(PROVIDED MATERIAL Opens)

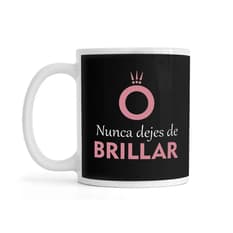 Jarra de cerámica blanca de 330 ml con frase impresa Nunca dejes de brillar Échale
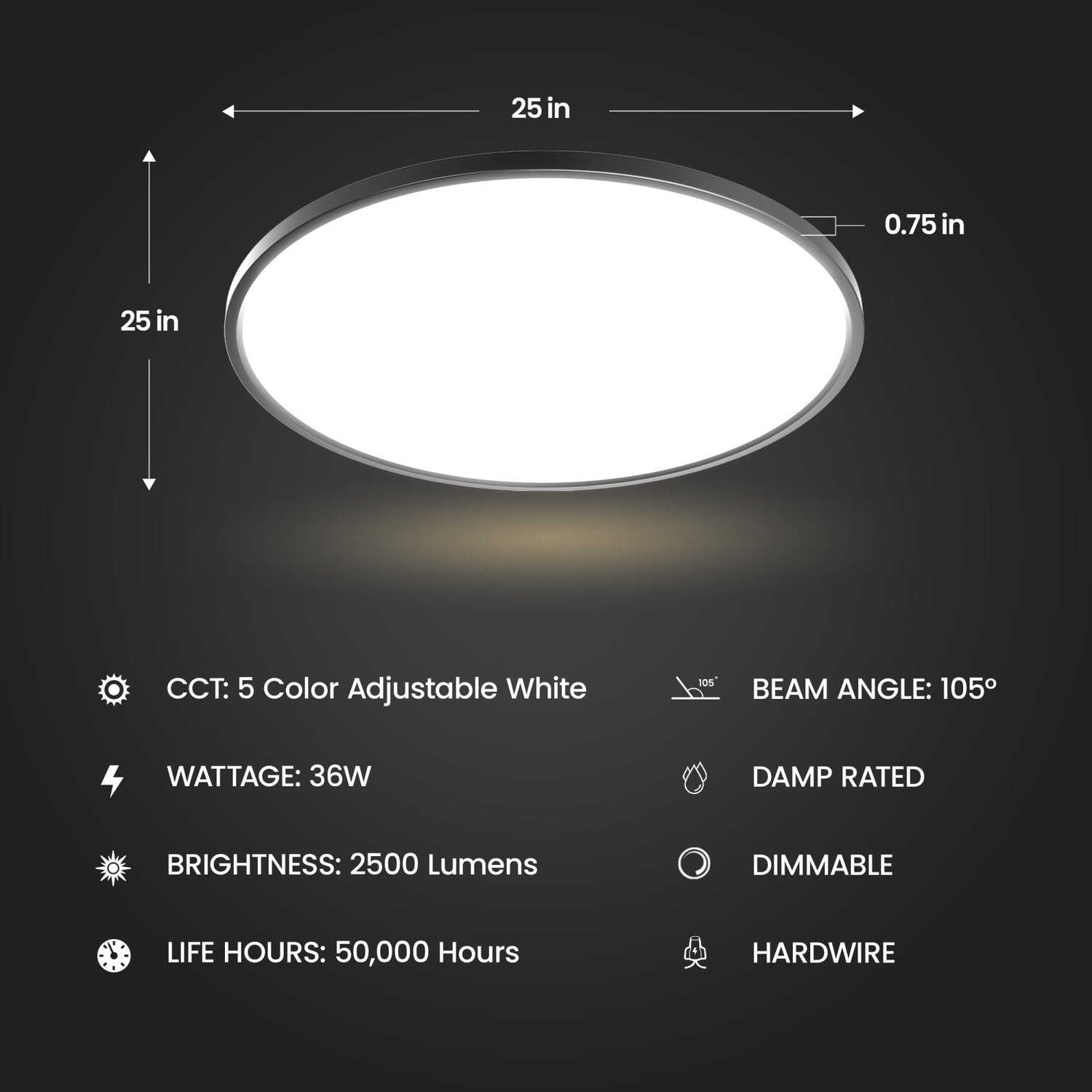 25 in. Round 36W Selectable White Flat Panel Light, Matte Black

(PROVIDED MATERIAL Closes)
(PROVIDED MATERIAL Opens)

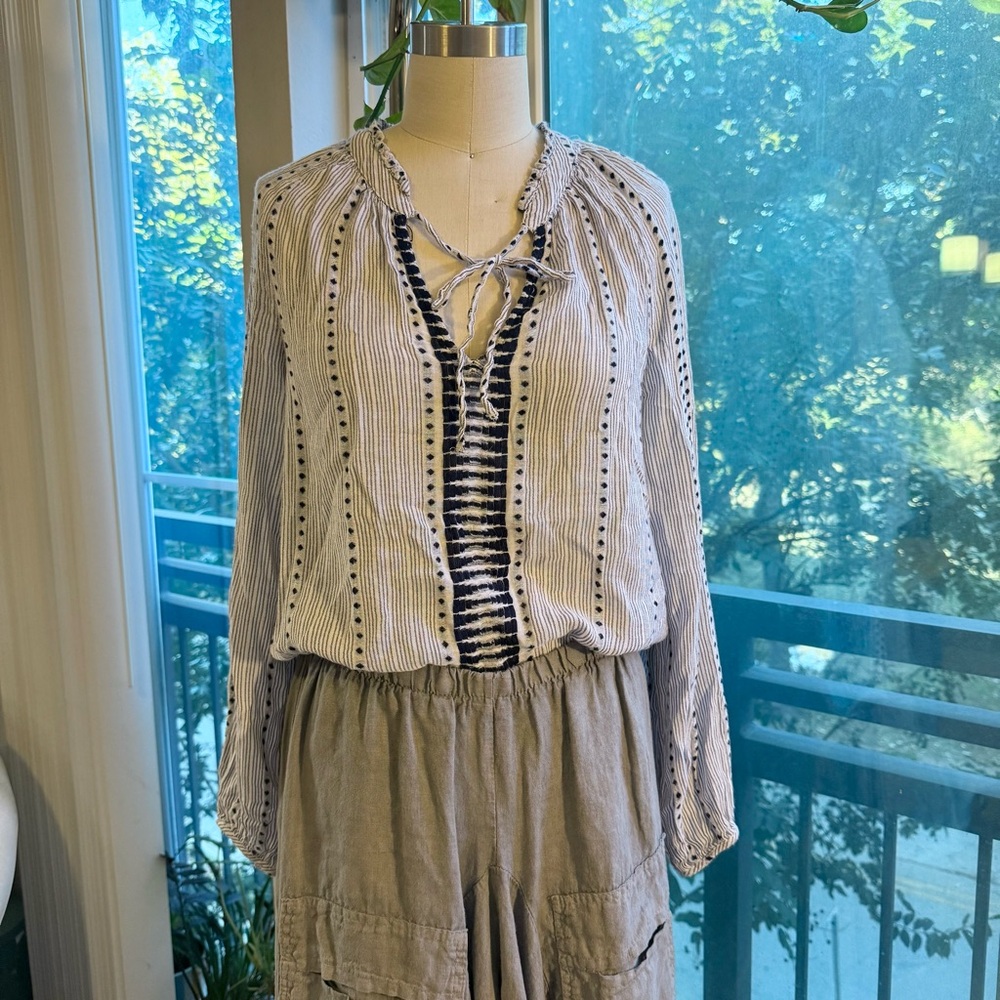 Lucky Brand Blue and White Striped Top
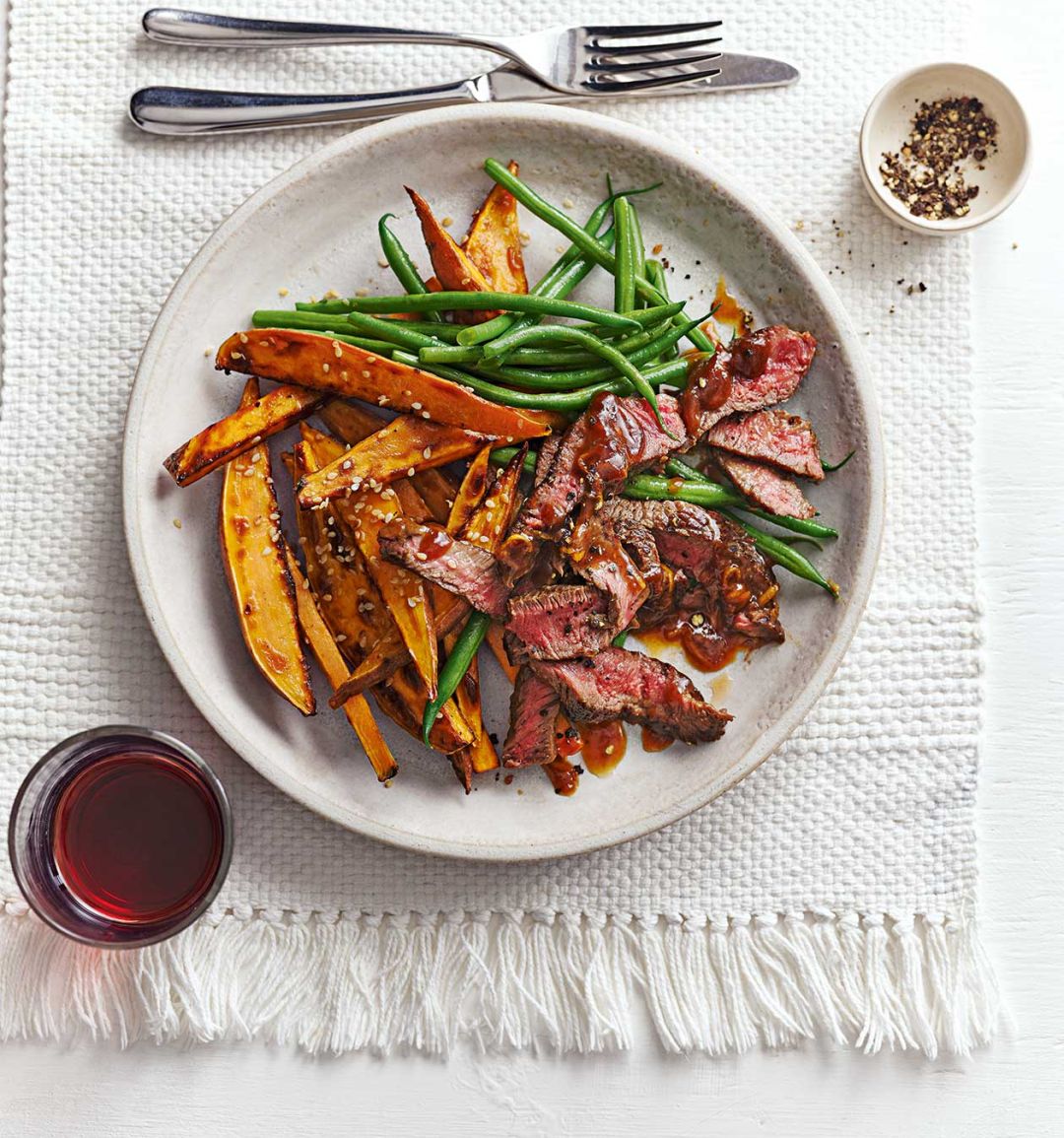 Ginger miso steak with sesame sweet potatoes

(PROVIDED MATERIAL Closes)

Using the material above, transcribe exactly the lines from the one holding "Lucky Brand Blue and White Striped Top" to the one holding "Ginger miso steak with sesame sweet potatoes", both ends kept. Do not carry over any pictures.

 Lucky Brand Blue and White Striped Top
 Ginger miso steak with sesame sweet potatoes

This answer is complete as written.